Using the data below, set down every line from the one containing "Comoda 8 Cajones" through the one containing "Sweetnice Girls Dress", inclusive and unchanged. Pictures are to be skipped.

- _RECORDS FOR THE TASK_:
= = = = = = =
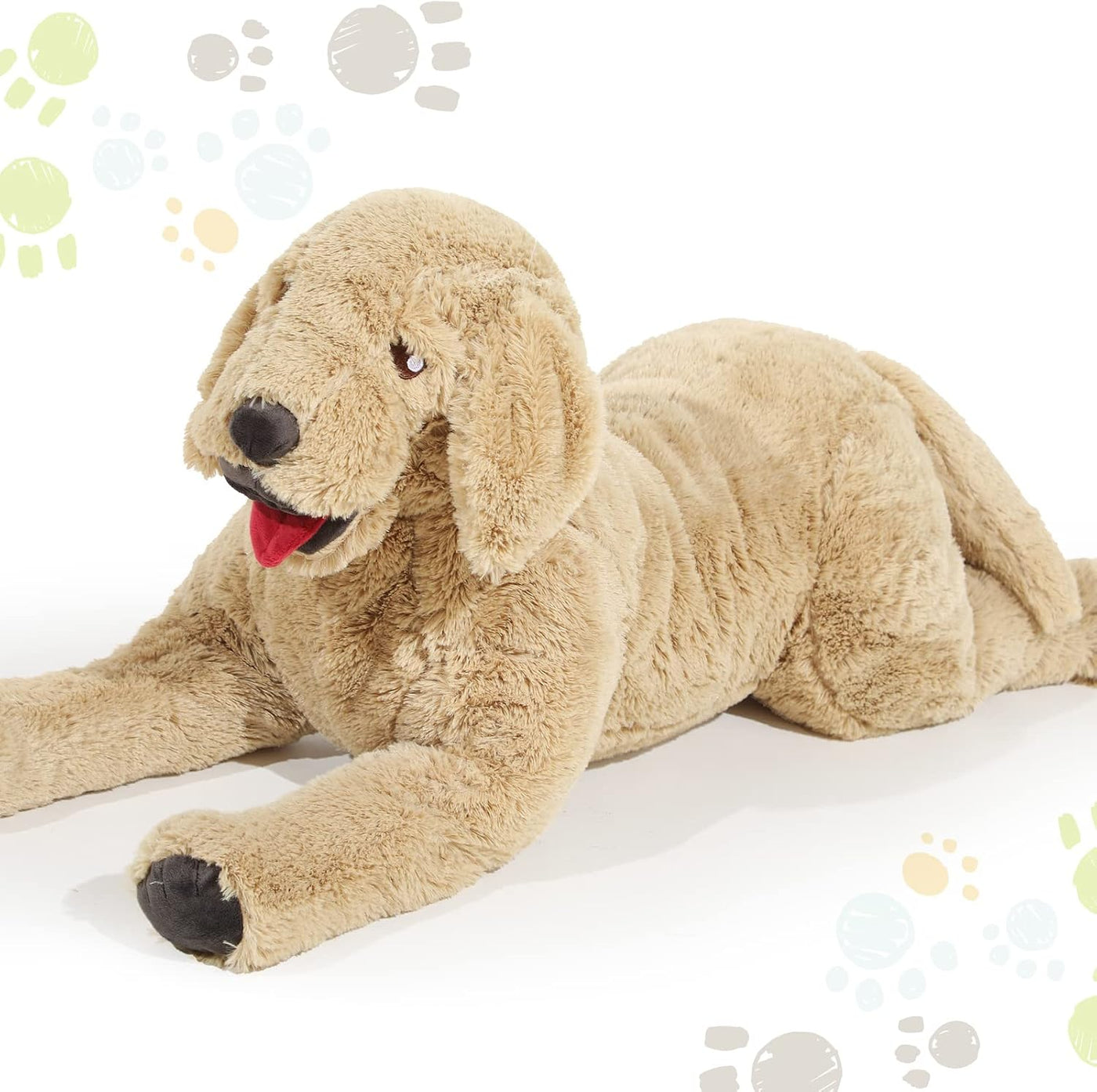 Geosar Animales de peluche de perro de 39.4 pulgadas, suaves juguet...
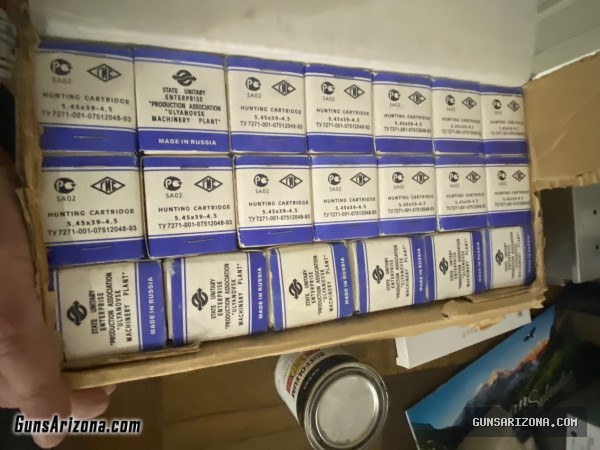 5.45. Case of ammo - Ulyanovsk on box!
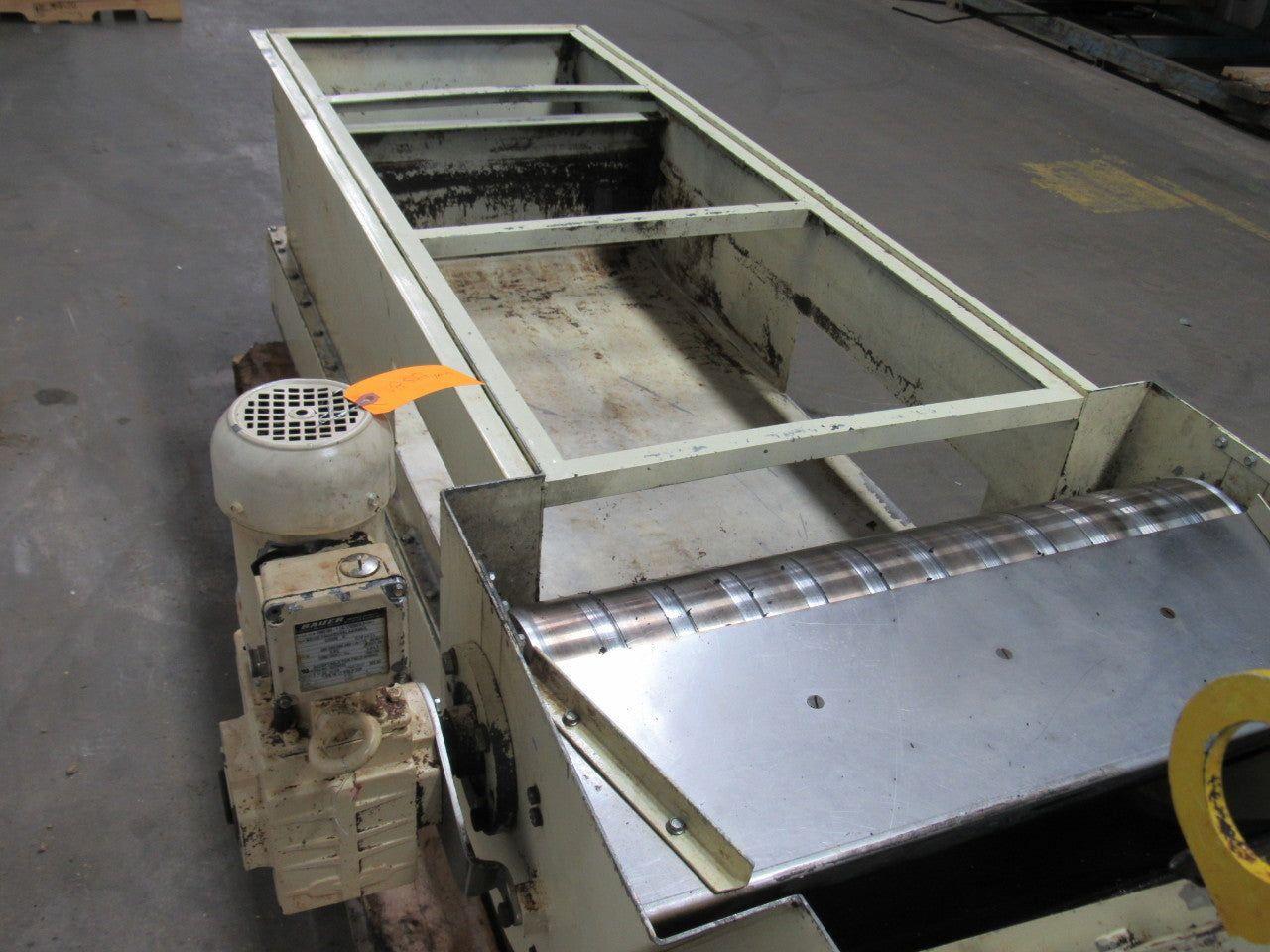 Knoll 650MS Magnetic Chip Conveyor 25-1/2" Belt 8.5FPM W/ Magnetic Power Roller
= = = = = = =
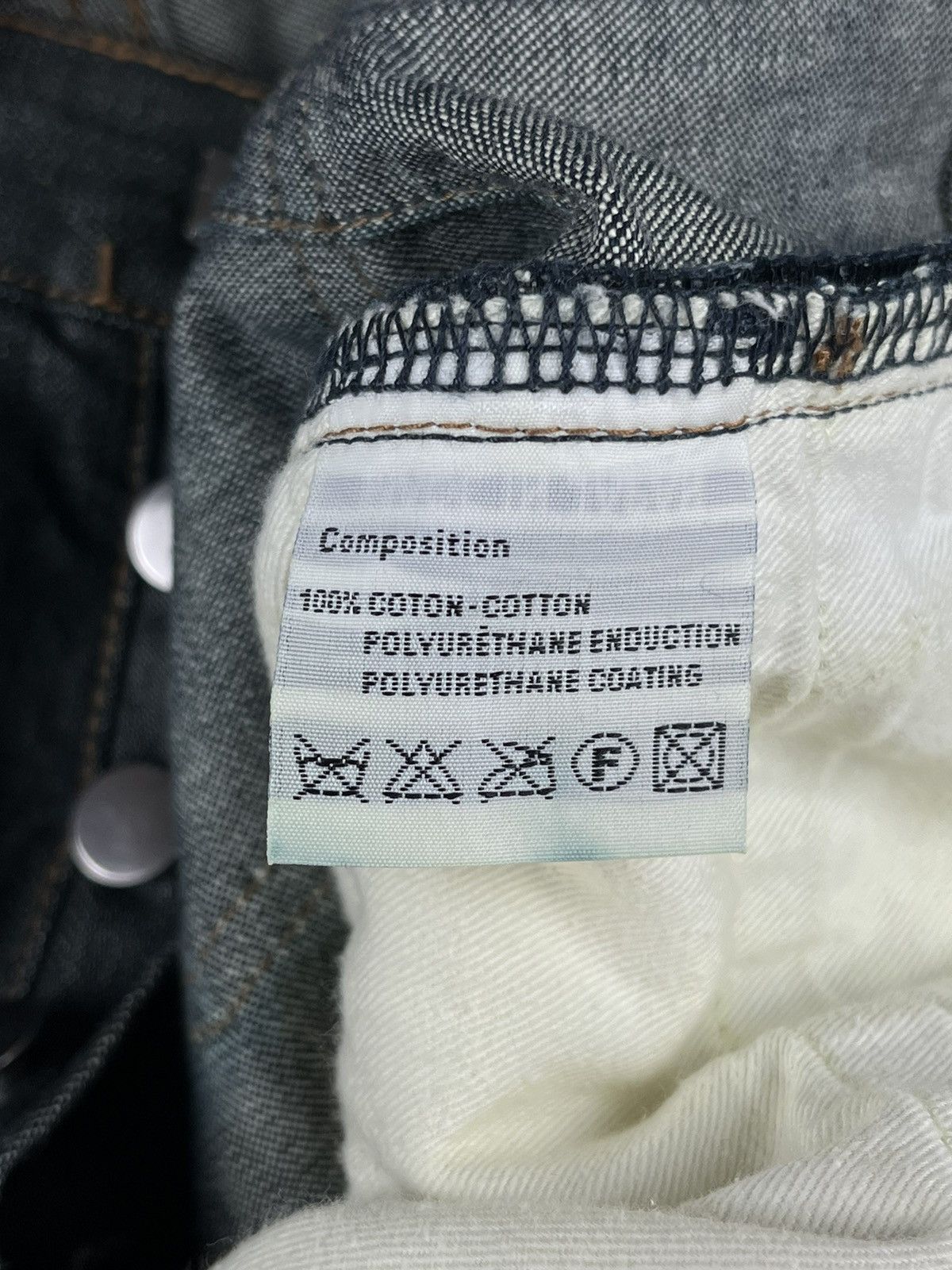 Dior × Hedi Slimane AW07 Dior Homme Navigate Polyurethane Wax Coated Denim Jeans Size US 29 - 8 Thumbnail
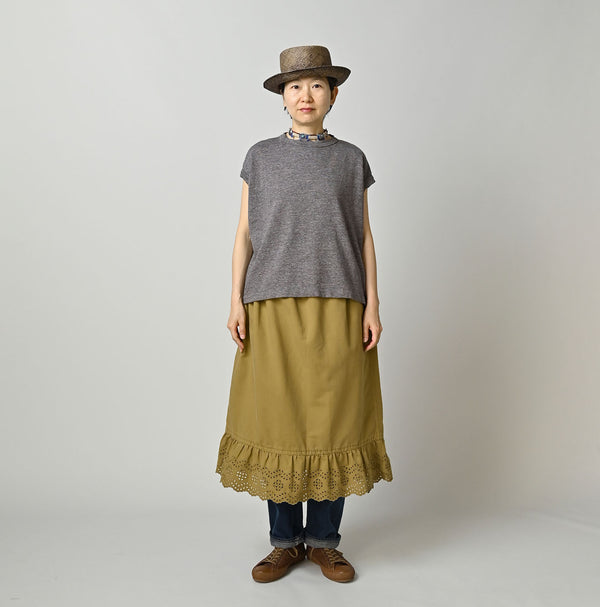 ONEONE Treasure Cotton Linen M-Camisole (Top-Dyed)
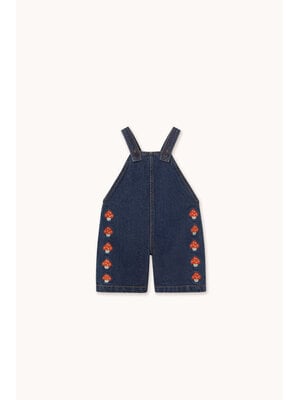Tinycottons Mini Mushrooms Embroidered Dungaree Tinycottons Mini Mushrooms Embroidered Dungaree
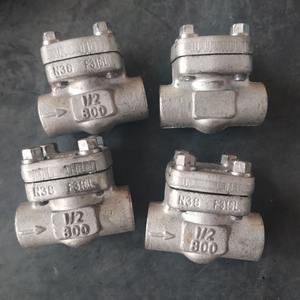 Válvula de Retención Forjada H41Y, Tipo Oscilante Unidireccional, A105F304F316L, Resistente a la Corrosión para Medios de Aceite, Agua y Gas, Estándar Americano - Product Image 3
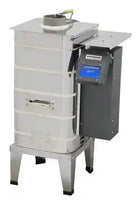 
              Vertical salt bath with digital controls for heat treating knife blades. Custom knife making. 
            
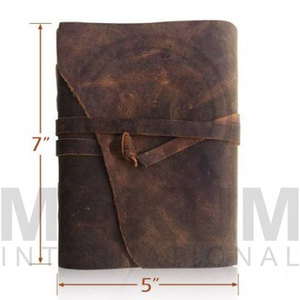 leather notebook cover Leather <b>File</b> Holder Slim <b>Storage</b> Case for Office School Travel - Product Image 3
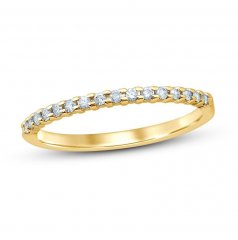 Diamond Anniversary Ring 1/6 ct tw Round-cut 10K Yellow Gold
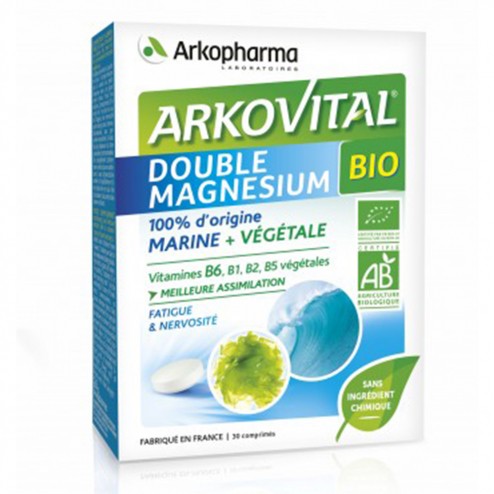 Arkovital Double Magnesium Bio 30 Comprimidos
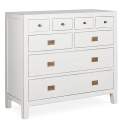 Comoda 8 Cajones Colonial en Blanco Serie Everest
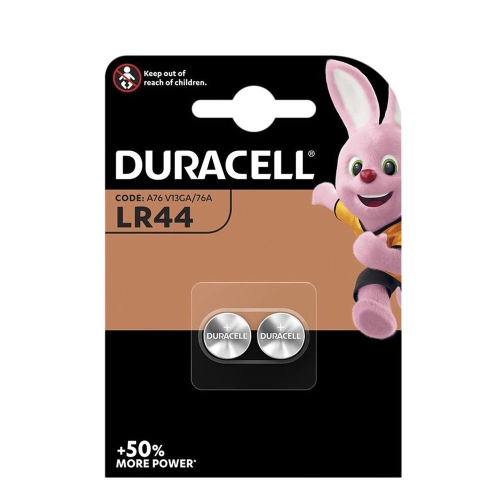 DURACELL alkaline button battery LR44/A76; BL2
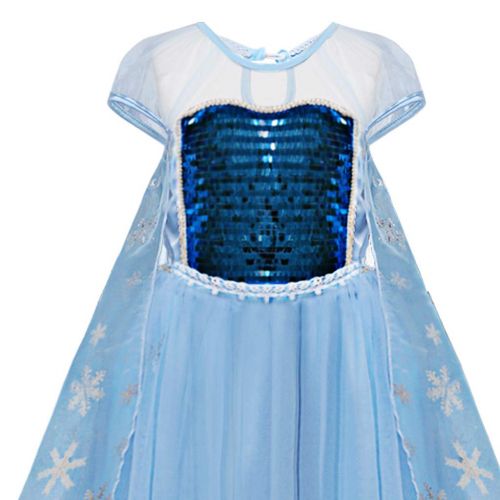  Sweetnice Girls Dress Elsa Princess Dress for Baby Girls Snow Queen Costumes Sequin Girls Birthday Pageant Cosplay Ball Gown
= = = = = = =
- _ANSWER TO THE PROBLEM_:
 Comoda 8 Cajones Colonial en Blanco Serie Everest
 DURACELL alkaline button battery LR44/A76; BL2
  Sweetnice Girls Dress Elsa Princess Dress for Baby Girls Snow Queen Costumes Sequin Girls Birthday Pageant Cosplay Ball Gown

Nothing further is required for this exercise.